Tickets are available for individual rooms or as a package that includes all three rooms. Adult tickets are $40 for the Giant's House and $30 for kids 6-12. Adult tickets for the The Upside Down House and the 3D Illusions Room are $30 and $20 for kids 6-12. The 1 + 1 + 1 package gives you access to all three rooms and costs $55 for adults and $35 for kids 6-12. Three VIP packages are available and range from $150-$350; the biggest perk is that they come with a personal photographer so one of your party isn't always missing from the best shots. Kids under five are free, but they’re mostly just going to be there for photobombs anyway.
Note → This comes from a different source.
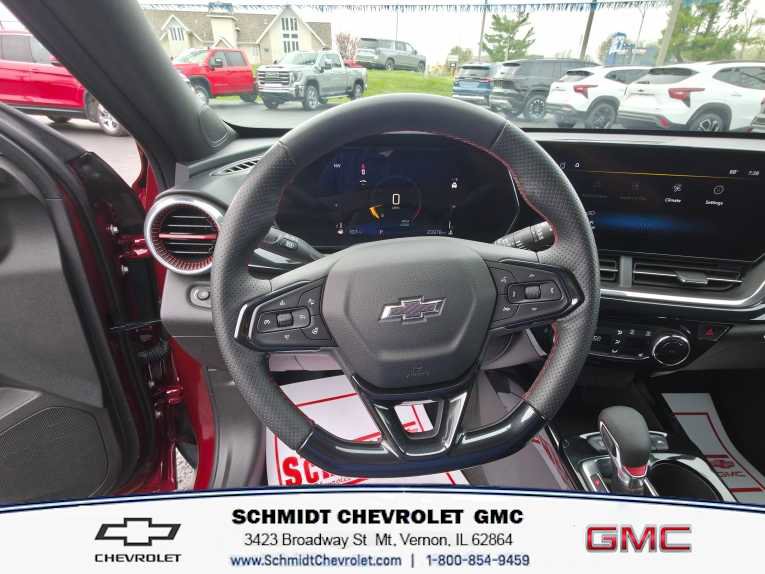Used 2025 Chevrolet Trax RS w/ Driver Confidence Package image 14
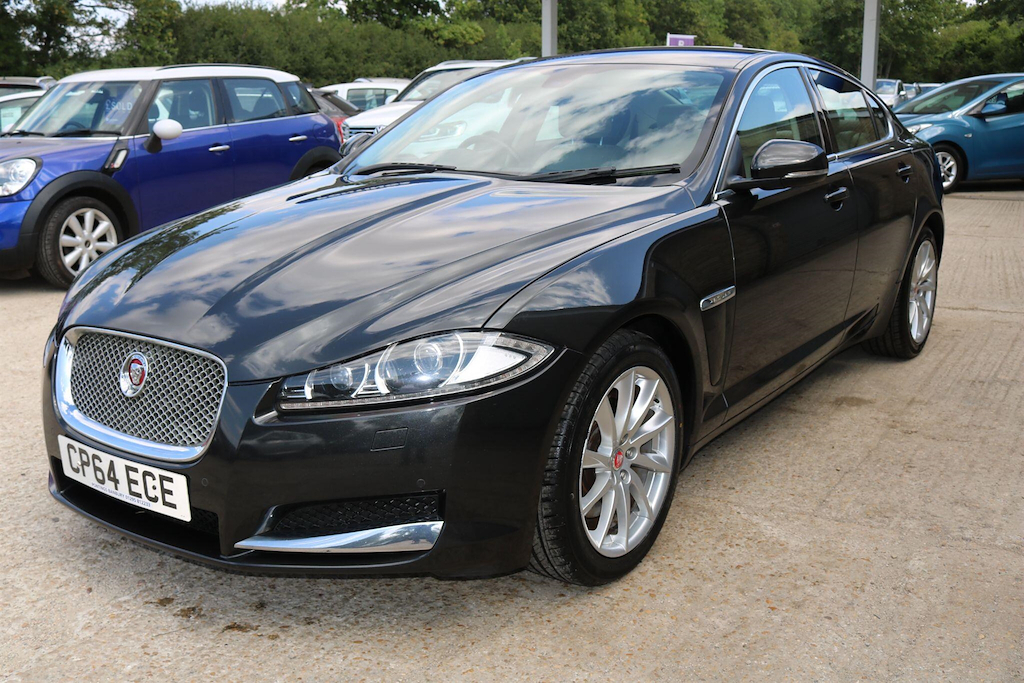 Jaguar XF Green #15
The Museum of Illusions is located at the corner of Hollywood Boulevard and McCadden Place. There is metered street parking on McCadden Place which was available during the pandemic, though in normal times I wouldn't count on street parking in this neighborhood. There's also paid parking at the Hollywood and Highland shopping center, which is a short walk from the museum, plus has places like Ben & Jerry's for a snack and outdoor dining at California Pizza Kitchen, Johnny Rockets, and the Chado Tea Room.